South Sound retailers are not the only businesses that experience an increase in sales when the state Legislature is in session. Just ask landlord Louise Benoit.
Benoit, who turns 85 next week, has rented out a room in her Olympia home to legislative staff and lawmakers for the past 30 years, including current Republican Congressman Doc Hastings when he was a member of the state House of Representatives.
Benoit is among a number of South Sound residents who take advantage of a housing list that circulates among legislative staff each session, said Gerry Sheehan, staff coordinator for the Legislative Information Center.

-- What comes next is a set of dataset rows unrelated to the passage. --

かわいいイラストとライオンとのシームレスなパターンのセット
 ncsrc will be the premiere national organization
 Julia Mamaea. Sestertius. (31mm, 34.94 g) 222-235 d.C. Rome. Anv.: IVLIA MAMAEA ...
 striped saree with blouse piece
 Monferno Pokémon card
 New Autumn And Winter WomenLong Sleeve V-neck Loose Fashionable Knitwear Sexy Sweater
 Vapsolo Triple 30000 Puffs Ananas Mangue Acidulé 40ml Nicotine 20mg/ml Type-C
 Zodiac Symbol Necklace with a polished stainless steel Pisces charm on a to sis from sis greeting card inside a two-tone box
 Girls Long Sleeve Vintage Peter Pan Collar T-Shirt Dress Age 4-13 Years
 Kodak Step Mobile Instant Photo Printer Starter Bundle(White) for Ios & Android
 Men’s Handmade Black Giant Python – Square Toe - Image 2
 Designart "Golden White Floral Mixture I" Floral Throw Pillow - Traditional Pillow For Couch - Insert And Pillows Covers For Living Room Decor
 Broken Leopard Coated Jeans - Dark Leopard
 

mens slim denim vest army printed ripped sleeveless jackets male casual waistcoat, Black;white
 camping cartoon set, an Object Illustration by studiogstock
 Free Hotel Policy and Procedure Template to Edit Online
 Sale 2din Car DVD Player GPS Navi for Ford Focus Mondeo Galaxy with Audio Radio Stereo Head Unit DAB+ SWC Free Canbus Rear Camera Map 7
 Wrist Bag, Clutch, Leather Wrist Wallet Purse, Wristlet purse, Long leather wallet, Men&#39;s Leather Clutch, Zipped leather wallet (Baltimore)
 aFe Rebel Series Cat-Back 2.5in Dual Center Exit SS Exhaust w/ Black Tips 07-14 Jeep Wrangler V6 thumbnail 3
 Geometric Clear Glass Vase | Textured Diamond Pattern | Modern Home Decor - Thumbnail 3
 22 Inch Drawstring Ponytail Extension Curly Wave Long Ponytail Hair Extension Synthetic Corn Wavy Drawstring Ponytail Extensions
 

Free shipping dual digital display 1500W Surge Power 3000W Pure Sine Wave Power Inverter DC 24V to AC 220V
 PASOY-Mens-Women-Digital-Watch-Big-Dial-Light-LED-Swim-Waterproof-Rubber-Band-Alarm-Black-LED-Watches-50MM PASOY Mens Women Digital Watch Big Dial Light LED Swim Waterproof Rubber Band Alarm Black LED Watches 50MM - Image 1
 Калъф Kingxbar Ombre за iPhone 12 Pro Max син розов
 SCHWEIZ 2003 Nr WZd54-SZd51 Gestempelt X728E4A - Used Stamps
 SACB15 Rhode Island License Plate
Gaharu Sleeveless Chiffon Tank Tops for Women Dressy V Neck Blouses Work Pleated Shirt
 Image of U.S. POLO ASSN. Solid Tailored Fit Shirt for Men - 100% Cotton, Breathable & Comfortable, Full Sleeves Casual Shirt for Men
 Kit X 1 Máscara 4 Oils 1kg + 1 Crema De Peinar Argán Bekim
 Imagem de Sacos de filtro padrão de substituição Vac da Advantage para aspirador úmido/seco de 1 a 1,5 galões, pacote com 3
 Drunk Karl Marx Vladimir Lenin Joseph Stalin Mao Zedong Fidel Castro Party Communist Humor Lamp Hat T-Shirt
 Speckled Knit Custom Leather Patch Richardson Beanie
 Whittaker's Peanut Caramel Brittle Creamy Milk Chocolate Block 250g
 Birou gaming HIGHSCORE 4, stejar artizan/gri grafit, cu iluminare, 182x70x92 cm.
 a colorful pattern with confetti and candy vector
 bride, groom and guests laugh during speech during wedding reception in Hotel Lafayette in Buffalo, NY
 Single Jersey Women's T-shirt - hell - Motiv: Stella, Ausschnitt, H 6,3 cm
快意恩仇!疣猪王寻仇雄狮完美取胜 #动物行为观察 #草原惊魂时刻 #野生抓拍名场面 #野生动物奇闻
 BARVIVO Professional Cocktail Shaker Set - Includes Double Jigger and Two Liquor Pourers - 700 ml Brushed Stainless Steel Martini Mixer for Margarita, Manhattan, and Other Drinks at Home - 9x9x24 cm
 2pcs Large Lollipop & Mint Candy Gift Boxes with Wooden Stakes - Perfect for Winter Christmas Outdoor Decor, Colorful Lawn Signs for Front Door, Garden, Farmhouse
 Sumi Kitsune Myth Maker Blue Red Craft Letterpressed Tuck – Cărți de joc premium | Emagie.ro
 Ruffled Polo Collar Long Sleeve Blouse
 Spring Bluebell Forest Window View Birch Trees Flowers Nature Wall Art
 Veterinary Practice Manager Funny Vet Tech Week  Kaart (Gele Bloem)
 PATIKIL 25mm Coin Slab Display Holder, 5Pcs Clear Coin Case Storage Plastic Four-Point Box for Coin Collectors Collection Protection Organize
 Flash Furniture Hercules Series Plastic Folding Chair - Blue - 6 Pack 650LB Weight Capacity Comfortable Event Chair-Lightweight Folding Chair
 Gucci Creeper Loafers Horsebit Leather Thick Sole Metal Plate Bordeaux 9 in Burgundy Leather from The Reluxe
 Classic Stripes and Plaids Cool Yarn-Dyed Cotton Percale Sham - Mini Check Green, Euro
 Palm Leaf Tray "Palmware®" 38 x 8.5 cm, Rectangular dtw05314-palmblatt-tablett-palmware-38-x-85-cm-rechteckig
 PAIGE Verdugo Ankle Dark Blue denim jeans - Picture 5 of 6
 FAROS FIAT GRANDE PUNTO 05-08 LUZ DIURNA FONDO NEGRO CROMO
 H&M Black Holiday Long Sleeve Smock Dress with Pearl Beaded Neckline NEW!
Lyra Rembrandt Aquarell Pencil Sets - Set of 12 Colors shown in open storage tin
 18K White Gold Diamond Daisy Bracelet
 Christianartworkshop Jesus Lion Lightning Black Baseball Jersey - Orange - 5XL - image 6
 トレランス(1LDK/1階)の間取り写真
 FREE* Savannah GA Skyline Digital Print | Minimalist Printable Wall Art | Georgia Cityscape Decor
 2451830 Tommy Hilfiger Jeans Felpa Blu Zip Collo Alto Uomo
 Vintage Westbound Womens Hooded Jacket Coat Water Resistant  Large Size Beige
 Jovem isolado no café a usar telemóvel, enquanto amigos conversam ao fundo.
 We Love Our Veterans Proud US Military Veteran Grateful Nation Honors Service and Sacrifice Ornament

Sheehan said a new housing list is compiled each year with an estimated 150 to 200 listings of rooms, apartments and homes that are available to rent.
The list is then made available to legislative aides, interns and lawmakers, but not lobbyists, he said.
The session's impact on the Thurston County real estate market has caught the attention of the Economic Development Council of Thurston County.
It is now beginning to gauge the effect of all spending in the county related to the session, said Michael Cade, the council's executive director.
"We've started that process, but I haven't gone far enough to say it's significant (impact) or not," Cade said. "We want to treat government as a business. It is an economic sector."
This session Benoit has rented out a room in her 2,200-square-foot home for $450 a month to Kevin Hulten, a legislative assistant to Sen. Steve Hobbs, D-Lake Stevens.
Investing the income
With rental income that Benoit has earned over the years, she has invested in new carpeting in her home.
"This year I've already bought a digital camera and a new computer," Benoit said.
Hulten, 27, who continues to pay rent for a place in Lake Stevens, describes the housing list as a great resource that allowed him to find inexpensive lodging near the Capitol Campus.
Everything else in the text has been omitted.